Filter the entries below down to the lines that hold "Reliable".

↓↓↓

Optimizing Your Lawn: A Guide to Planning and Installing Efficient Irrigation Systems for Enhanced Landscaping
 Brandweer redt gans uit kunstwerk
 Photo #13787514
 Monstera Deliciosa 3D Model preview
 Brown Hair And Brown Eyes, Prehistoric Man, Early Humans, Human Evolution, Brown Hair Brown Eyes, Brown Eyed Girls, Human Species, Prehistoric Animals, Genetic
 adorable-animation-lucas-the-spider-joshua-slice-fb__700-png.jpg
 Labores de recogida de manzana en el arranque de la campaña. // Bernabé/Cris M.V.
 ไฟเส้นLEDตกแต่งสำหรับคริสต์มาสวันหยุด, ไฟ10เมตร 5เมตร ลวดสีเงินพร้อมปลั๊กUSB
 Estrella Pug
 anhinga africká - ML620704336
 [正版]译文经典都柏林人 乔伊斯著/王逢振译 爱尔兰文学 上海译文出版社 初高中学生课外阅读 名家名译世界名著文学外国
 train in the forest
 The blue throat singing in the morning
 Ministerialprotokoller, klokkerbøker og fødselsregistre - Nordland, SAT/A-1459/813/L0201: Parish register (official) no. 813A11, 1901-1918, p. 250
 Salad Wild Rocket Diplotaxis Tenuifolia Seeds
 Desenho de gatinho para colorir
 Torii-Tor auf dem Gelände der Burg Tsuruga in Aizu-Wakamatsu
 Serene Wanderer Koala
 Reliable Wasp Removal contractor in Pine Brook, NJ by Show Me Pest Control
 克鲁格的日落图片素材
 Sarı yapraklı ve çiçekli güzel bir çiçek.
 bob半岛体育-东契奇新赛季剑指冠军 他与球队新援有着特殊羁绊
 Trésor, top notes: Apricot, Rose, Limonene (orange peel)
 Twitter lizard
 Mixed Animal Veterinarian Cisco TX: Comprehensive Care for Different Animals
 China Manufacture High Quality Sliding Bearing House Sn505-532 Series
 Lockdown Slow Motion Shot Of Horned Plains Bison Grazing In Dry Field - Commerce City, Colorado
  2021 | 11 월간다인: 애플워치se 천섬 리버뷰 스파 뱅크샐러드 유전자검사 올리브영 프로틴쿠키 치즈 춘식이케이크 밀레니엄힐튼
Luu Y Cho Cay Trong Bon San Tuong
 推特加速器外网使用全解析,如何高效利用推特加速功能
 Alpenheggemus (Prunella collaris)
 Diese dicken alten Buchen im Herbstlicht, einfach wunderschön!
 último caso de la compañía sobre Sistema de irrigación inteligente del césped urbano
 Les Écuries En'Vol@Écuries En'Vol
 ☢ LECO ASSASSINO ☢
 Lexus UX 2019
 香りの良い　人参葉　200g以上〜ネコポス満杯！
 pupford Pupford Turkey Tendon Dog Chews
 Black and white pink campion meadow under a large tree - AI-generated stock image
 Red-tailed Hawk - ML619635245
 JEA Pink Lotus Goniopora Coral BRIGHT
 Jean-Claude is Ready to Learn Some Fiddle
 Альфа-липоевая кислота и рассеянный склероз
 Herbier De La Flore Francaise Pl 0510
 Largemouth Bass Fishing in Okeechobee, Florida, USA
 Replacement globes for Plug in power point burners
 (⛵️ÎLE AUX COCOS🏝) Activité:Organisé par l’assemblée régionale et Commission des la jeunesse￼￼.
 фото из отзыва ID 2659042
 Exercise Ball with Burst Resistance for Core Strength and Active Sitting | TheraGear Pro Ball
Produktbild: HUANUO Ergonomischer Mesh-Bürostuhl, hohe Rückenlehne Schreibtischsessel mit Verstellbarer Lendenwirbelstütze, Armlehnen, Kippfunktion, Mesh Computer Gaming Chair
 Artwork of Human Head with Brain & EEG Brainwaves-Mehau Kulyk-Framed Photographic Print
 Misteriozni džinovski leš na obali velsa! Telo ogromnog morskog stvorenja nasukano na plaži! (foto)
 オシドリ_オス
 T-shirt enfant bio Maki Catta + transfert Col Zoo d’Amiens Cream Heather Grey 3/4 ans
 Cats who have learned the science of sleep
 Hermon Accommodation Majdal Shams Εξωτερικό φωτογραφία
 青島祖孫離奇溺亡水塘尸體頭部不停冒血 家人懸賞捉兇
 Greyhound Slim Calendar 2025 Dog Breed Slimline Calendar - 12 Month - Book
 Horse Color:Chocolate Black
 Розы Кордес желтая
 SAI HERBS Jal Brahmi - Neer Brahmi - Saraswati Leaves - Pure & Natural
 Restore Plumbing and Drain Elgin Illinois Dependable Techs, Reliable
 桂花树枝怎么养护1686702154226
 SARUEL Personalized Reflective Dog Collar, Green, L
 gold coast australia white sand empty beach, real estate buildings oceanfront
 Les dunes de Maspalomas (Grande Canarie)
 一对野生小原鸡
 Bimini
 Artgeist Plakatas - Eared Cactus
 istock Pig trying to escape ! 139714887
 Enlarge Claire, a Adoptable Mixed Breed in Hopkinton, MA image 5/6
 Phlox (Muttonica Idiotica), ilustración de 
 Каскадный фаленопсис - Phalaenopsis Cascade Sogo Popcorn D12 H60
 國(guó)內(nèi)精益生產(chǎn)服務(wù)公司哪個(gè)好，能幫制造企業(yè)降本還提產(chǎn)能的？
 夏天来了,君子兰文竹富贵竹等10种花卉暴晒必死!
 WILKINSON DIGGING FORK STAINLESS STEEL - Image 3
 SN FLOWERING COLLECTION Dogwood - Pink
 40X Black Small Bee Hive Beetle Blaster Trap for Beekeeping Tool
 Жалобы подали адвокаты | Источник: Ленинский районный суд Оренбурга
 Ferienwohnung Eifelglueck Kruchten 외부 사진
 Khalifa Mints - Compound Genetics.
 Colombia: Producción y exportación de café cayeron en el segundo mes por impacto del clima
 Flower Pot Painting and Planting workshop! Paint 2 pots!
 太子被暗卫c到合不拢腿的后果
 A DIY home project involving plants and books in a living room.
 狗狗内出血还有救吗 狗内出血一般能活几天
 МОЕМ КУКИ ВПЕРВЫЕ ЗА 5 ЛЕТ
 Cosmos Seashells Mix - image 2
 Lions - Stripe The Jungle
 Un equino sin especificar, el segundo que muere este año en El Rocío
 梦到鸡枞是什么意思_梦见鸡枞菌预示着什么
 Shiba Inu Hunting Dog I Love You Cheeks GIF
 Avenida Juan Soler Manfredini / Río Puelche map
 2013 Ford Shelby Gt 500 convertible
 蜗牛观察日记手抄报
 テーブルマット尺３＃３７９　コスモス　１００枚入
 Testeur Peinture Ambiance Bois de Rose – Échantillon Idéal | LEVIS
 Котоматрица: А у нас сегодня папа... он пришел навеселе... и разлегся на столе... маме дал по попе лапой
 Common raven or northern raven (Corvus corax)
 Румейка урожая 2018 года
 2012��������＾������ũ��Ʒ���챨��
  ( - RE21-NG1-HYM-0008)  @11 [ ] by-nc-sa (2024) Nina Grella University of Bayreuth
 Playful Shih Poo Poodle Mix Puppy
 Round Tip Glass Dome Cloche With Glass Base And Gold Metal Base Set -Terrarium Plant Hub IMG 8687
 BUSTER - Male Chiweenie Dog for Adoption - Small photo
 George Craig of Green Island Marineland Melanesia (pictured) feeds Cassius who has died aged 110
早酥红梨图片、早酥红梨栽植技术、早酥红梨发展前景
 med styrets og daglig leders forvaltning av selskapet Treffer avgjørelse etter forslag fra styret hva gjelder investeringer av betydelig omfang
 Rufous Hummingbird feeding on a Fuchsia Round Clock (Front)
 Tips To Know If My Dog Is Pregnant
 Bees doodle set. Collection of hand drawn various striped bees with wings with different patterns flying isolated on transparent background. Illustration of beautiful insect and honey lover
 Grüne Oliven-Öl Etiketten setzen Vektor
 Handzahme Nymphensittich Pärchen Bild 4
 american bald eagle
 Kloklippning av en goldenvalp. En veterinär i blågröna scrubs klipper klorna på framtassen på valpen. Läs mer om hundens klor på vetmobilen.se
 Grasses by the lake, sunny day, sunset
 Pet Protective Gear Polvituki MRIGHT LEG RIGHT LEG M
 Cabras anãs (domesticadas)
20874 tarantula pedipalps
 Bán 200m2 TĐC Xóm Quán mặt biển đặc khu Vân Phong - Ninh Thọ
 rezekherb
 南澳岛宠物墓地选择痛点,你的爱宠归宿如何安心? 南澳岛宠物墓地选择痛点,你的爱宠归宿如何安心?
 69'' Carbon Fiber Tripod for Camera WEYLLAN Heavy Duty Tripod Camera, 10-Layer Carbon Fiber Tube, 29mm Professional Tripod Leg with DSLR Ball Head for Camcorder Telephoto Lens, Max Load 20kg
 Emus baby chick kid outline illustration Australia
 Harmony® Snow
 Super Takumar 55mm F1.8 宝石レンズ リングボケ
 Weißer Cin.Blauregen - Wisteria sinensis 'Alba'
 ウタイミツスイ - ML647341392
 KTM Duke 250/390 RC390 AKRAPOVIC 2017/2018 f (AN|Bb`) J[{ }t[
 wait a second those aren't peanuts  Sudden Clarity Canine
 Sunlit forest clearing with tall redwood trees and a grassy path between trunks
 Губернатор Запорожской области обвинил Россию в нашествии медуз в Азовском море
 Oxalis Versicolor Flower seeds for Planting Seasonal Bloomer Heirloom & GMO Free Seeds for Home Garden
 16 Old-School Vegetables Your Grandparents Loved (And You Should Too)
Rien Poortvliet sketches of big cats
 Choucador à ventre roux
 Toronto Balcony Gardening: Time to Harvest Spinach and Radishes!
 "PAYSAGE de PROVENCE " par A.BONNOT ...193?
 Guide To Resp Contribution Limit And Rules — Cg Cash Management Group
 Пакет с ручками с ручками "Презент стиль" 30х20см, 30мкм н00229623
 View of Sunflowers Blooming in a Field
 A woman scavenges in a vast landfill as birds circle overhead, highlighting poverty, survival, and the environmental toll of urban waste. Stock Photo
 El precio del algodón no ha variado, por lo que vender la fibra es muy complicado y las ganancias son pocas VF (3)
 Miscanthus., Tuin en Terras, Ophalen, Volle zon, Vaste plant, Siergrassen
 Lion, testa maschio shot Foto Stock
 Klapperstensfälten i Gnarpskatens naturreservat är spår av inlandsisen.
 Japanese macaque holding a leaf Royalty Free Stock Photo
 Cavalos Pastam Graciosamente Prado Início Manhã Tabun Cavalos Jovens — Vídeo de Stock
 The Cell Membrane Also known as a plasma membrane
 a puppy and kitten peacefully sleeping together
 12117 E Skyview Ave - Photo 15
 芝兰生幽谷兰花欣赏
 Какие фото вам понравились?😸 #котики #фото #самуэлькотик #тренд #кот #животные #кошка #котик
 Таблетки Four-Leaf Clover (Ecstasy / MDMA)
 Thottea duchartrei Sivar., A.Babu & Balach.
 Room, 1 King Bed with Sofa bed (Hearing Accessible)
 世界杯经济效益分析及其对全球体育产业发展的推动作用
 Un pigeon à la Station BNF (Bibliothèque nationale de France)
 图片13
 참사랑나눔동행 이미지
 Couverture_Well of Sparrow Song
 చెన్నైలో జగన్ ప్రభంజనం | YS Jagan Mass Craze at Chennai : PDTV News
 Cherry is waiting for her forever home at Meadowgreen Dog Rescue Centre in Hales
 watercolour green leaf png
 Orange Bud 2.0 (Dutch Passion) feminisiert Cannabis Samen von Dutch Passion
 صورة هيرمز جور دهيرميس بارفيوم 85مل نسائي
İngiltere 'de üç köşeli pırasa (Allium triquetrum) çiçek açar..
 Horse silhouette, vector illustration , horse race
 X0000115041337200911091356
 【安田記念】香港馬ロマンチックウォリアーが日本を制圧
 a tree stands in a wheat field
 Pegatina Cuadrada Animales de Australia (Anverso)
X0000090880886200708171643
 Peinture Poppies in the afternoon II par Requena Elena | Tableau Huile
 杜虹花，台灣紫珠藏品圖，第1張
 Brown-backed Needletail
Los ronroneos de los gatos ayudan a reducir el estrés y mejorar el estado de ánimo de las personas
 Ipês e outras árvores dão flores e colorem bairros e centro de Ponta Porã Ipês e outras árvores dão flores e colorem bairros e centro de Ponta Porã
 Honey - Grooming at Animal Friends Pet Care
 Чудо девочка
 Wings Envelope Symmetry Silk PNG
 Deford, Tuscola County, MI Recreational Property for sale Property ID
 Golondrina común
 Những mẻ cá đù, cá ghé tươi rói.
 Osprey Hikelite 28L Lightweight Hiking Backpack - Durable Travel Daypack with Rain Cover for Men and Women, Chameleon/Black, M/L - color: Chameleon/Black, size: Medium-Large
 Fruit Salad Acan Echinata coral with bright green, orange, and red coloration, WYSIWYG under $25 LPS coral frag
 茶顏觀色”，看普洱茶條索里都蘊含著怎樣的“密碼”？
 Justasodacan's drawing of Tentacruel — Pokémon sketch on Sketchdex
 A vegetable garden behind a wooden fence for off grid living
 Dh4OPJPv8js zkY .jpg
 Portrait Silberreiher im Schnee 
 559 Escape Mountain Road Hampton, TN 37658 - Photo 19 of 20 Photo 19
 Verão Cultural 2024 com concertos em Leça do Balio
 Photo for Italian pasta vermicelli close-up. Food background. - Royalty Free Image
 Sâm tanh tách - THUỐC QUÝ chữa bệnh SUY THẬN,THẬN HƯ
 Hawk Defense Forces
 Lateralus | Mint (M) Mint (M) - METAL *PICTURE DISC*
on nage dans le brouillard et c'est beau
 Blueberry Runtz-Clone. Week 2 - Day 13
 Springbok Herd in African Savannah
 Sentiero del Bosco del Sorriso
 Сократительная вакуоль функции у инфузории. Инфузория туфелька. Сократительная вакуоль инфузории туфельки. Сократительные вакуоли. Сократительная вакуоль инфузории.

↑↑↑

- [Output for this task]:
 Reliable Wasp Removal contractor in Pine Brook, NJ by Show Me Pest Control
 Restore Plumbing and Drain Elgin Illinois Dependable Techs, Reliable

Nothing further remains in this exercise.